1. What are the populations that would benefit from digital literacy training?
Parents of K-12 students
People displaced from their jobs due to COVID-19 or who are seeking employment (e.g., public transportation, customer service)
2. What are the needs/goals that digital literacy training has to address?
Diverse populations (seniors, immigrants, people seeking continuing education, displaced employees without computer skills)
How to access mental health services
Telehealth to access activities
Accessing email and setting passwords
Where to apply for jobs; the online interview process
Communicating with teachers and accessing school resources via video conferencing
Parents accessing their children's records
How to access public services
How to sign up for online banking
Financial Aid for students
How to use social media, researching events
3. What are measurable (competency, literacy, fluency) digital skills outcomes for people to fight social isolation?
Students can create a video conference event
Senior citizens can join a video call with their families
Students can read an email (competency)
Students can write an email (literacy)
Can turn on computer features such as increasing font size
Able to find reputable sources of information
Dr.
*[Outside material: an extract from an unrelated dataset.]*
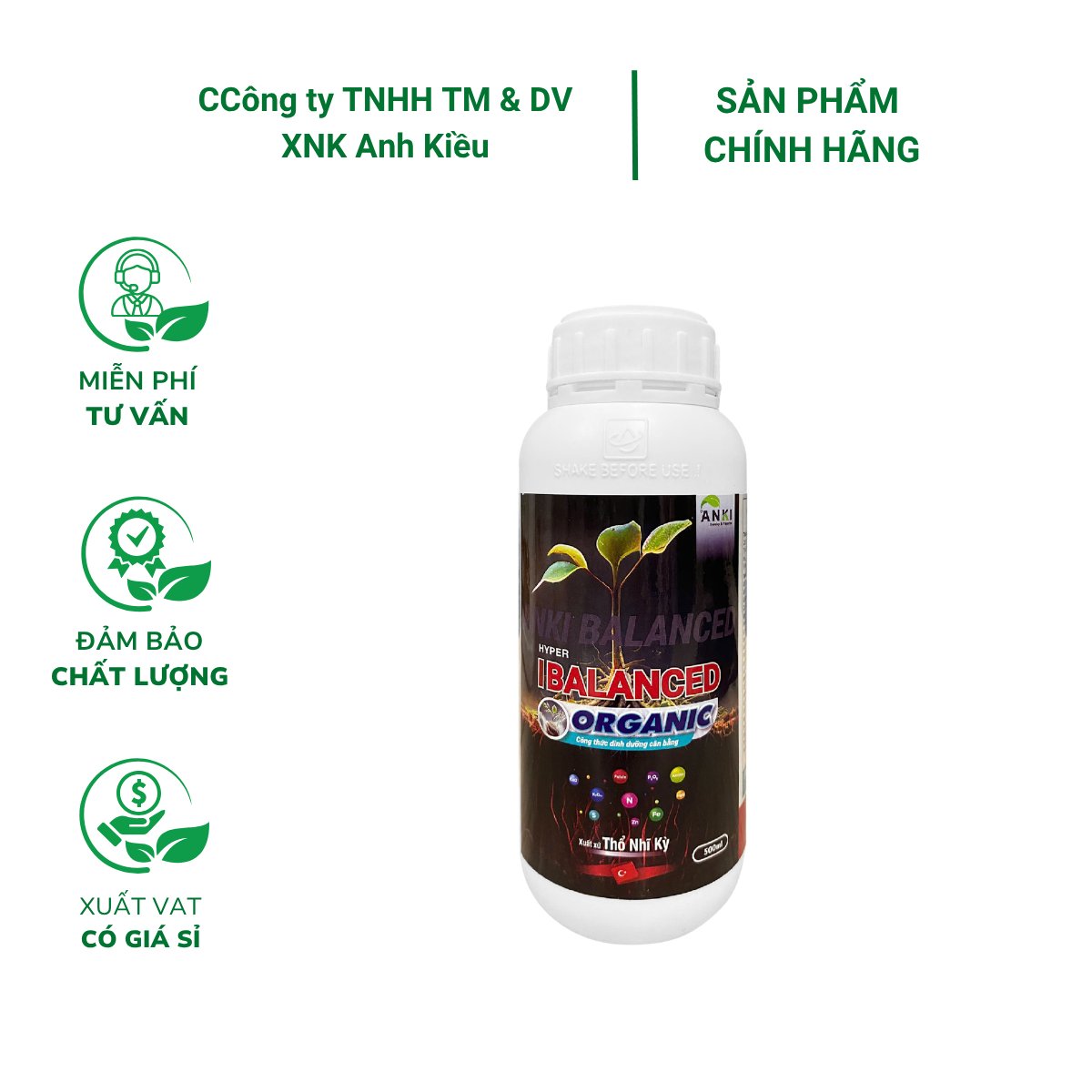 Phân Bón Hữu Cơ ANKI BALANCED (Hyper IBalanced Hữu Cơ) Cung cấp chất hữu cơ hàm lượng cao, kích thích bộ rễ phát triển khỏe mạnh. – Chai 500ml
Teshia Roby stated that technology is a language and shared three terms that inform digital literacy competencies (Competency, Literacy and Fluency):
Learning the basics → How do you turn on a device?
Able to communicate → Aware of online sites to visit to seek information (real versus fake)
The advanced → Content creator and able to share knowledge with others
How do you access (measure) skill level:
Pre-assessment is given to students
Post-assessment is given after midterm, so they see their growth
4. What are measurable (Competency, Literacy, Fluency) digital skills outcomes for people seeking employment?
Students can perform essential functions on the computer
Conducting a google search to find information on companies
Creating a responsive resume
Creating a LinkedIn profile
Knowing how to conduct and save custom searches on employment websites
5. What are measurable (Competency, Literacy, Fluency) digital skills outcomes for people seeking health care?
Reaching out to medical professionals
Creating an account with a strong password with your medical group to view test results
Using the online form to respond to questionnaires or schedule appointments
6. What are measurable (Competency, Literacy, Fluency) digital skills outcomes for people seeking social services?
Resident can apply, pay, request, check the status of services
Locate relevant provider website
Can fully complete paperwork
Online banking to connect a bank account to the benefits program
7. What are measurable (Competency, Literacy, Fluency) digital skills outcomes for students participating in continuing education (GED, trade school, higher education)?
How to complete the FAFSA application
Navigating college websites to locate information (majors available, transfer requirements, application deadline, etc.)
Using the website to schedule an academic counseling
8. What are measurable (Competency, Literacy, Fluency) digital skills outcomes for students participating in K-12
Students can navigate Chrome OS
Students can navigate Google Classroom
Data for the listed questions will continue to be discussed and collected at task force meetings.
The Digital Literacy Task Force meets virtually monthly and includes education, health, nonprofit, education, business, city municipalities, and internet service providers. To learn more, visit: ladeal.org/events.
Meeting #4 is scheduled for Sept. 7, 2021.